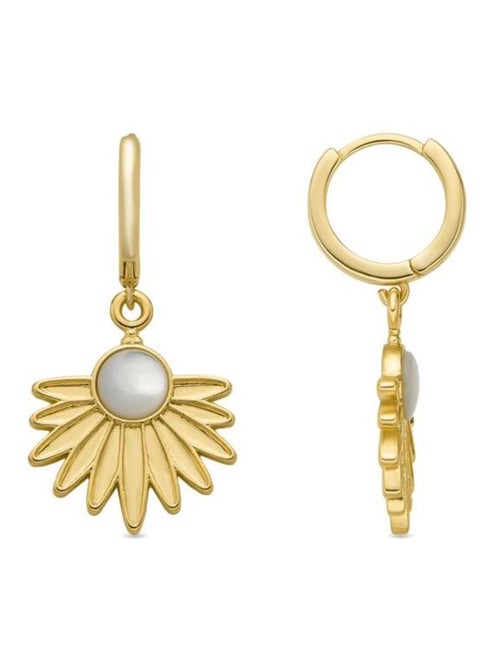 Boucles d'oreilles Luxenter en argent sterling 925 et nacre blanche finition et plaqué or 18k-Lalai - Kiabi
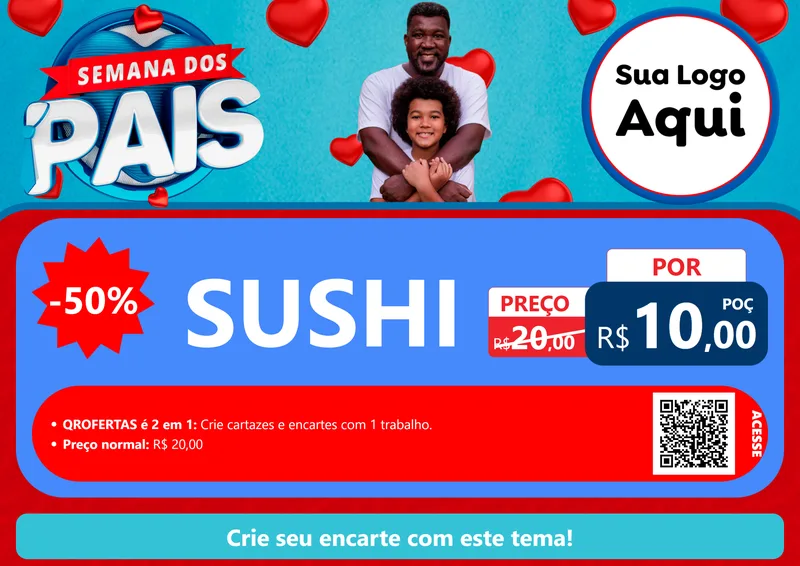 Modelo de Cartaz para Cartaz A4 Horizontal com o tema Semana Dos Pais para Comida japonesa
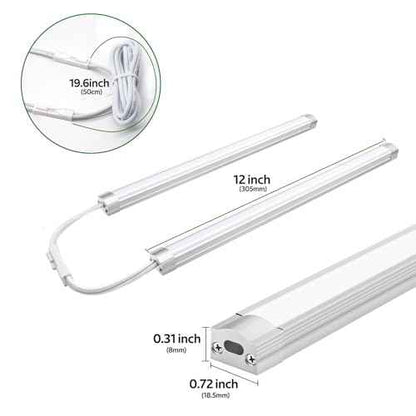 AIBOO Under Cabinet Lighting, Dimmable 12 inch Under Counter Lights, 120V Plug in & Hardwired, Linkable LED Closet Lights for Kitchen, Shelf, Workbench, Desk,Cupboard,Garage (6 PCS), Warm White 3000K
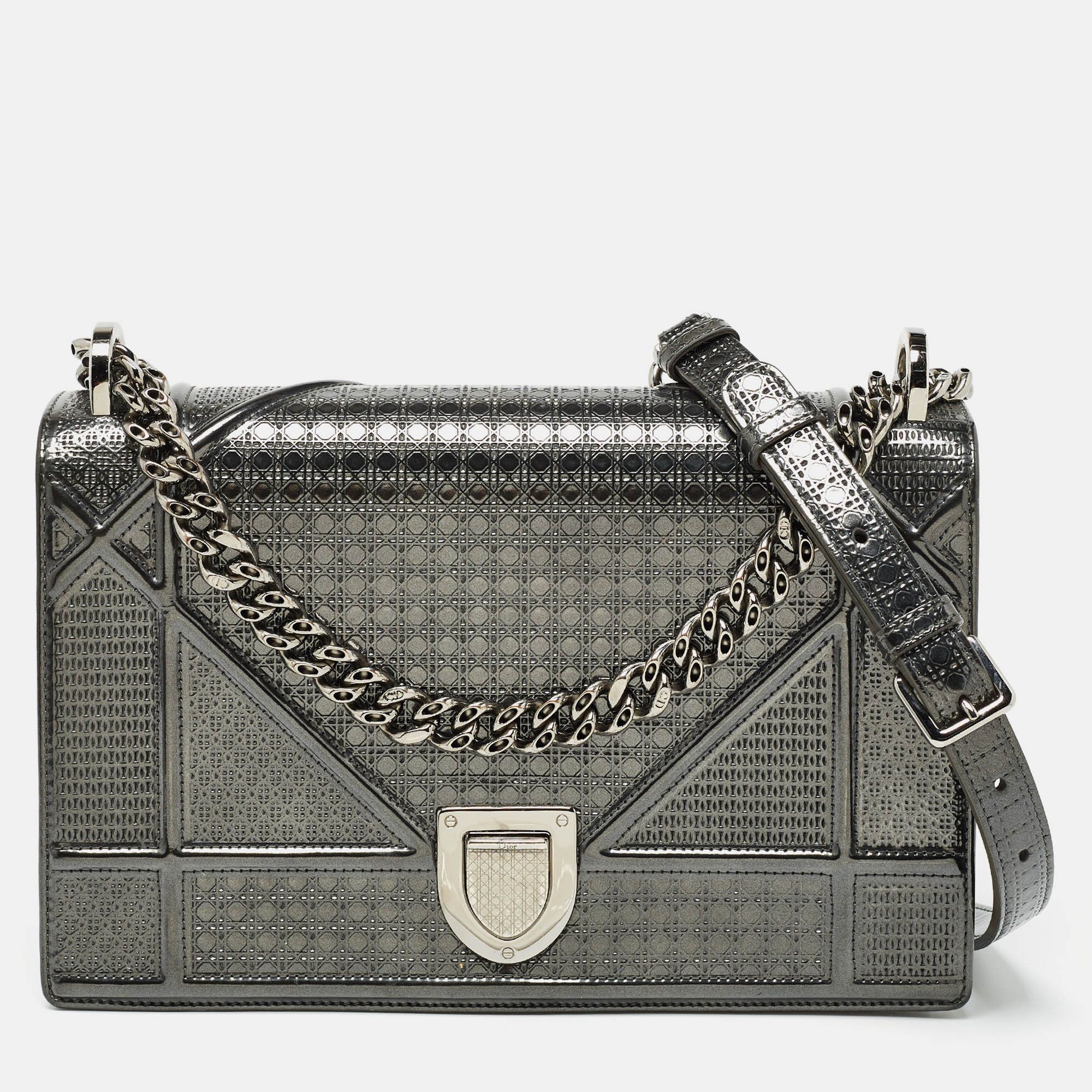 image of Dior Grey Patent Leather Medium Ama Shoulder Bag, Women's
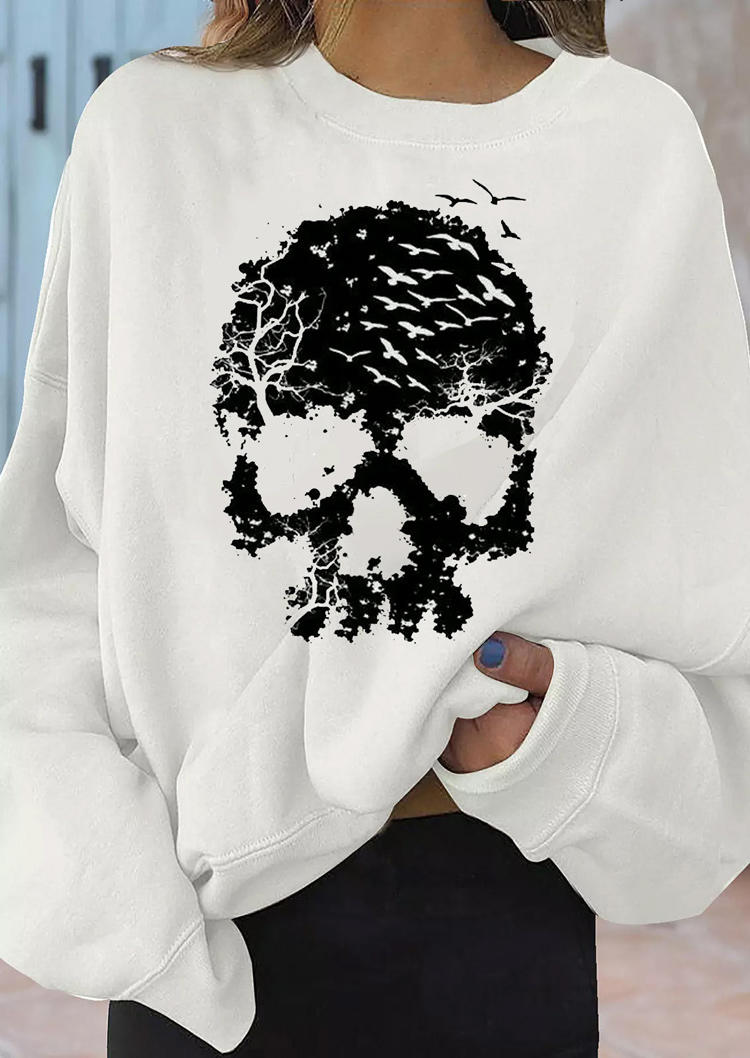 

Sweatshirts Halloween Skull Long Sleeve Pullover Sweatshirt in White. Size: ,M,L,XL
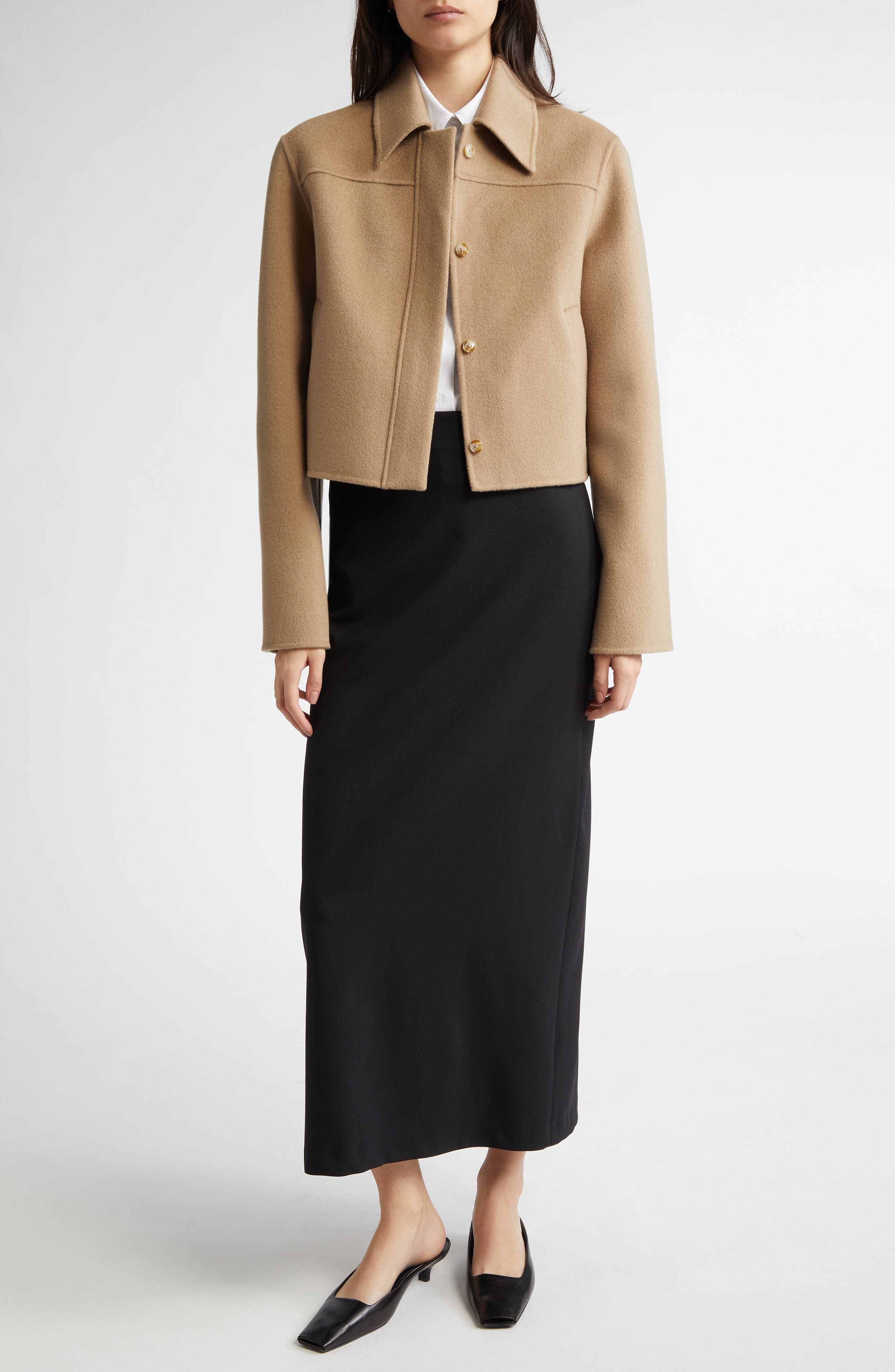 LOULOU DE SAISON Samos Stretch Wool Grain de Poudre Pencil Skirt in Black at Nordstrom - 2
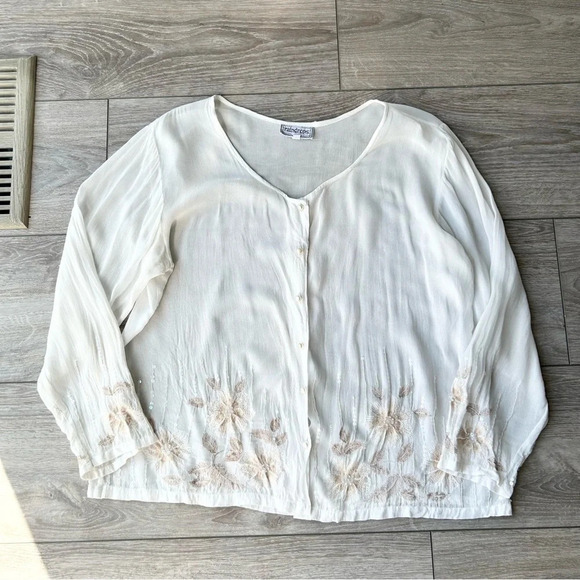 Vintage  Raindrops Semi Sheer Embroidered Sequins Blouse - Picture 4 of 14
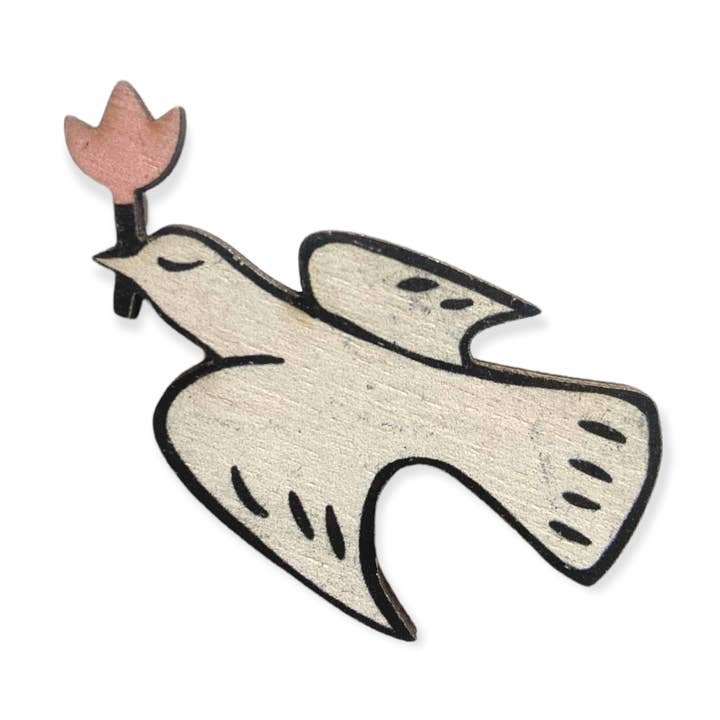 Friedens-Tauben-Brosche für den Großhandel von Leopard Frog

-=-=-=-=-

Could you set down exactly, and only, the lines from the line containing "Sweatshirts Halloween Skull" through the last line of the records, both included, without the pictures?

#### RESPONSE BOX
Sweatshirts Halloween Skull Long Sleeve Pullover Sweatshirt in White. Size: ,M,L,XL
 LOULOU DE SAISON Samos Stretch Wool Grain de Poudre Pencil Skirt in Black at Nordstrom - 2
 Vintage  Raindrops Semi Sheer Embroidered Sequins Blouse - Picture 4 of 14
 Friedens-Tauben-Brosche für den Großhandel von Leopard Frog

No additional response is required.